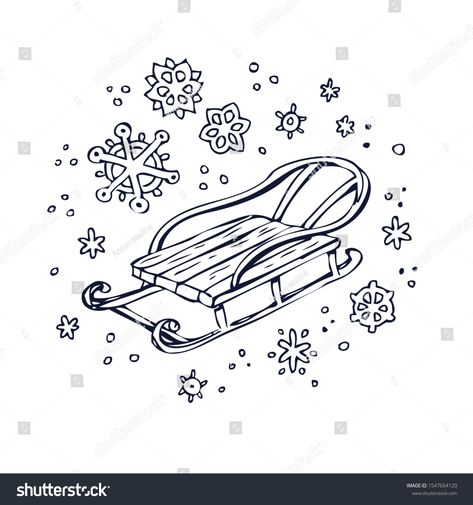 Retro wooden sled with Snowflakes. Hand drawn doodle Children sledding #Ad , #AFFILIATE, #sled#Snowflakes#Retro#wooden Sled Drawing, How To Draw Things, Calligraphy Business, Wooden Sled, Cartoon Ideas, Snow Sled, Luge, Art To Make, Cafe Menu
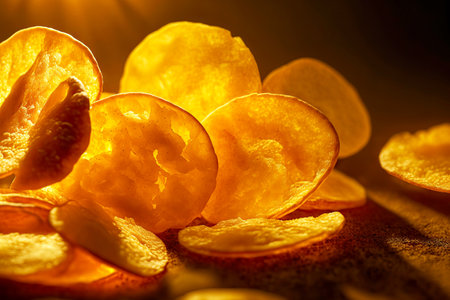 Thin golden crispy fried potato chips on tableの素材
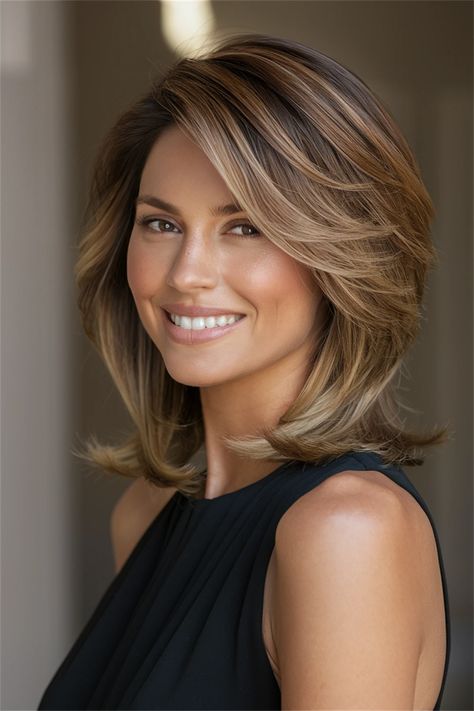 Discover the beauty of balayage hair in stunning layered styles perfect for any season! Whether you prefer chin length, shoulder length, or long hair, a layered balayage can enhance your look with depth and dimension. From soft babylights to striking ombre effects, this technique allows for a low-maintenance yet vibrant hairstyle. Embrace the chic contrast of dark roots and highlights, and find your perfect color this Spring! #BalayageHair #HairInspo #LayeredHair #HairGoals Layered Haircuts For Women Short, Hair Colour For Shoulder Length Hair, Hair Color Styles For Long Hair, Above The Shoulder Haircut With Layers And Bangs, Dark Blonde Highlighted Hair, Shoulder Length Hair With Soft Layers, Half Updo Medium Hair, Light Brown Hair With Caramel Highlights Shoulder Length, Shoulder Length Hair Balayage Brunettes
- - -
WORK TO COMPLETE. Reproduce the data above verbatim, minus any images.

RESULT OF THIS EXERCISE.
 Retro wooden sled with Snowflakes. Hand drawn doodle Children sledding #Ad , #AFFILIATE, #sled#Snowflakes#Retro#wooden Sled Drawing, How To Draw Things, Calligraphy Business, Wooden Sled, Cartoon Ideas, Snow Sled, Luge, Art To Make, Cafe Menu
 Thin golden crispy fried potato chips on tableの素材
 Discover the beauty of balayage hair in stunning layered styles perfect for any season! Whether you prefer chin length, shoulder length, or long hair, a layered balayage can enhance your look with depth and dimension. From soft babylights to striking ombre effects, this technique allows for a low-maintenance yet vibrant hairstyle. Embrace the chic contrast of dark roots and highlights, and find your perfect color this Spring! #BalayageHair #HairInspo #LayeredHair #HairGoals Layered Haircuts For Women Short, Hair Colour For Shoulder Length Hair, Hair Color Styles For Long Hair, Above The Shoulder Haircut With Layers And Bangs, Dark Blonde Highlighted Hair, Shoulder Length Hair With Soft Layers, Half Updo Medium Hair, Light Brown Hair With Caramel Highlights Shoulder Length, Shoulder Length Hair Balayage Brunettes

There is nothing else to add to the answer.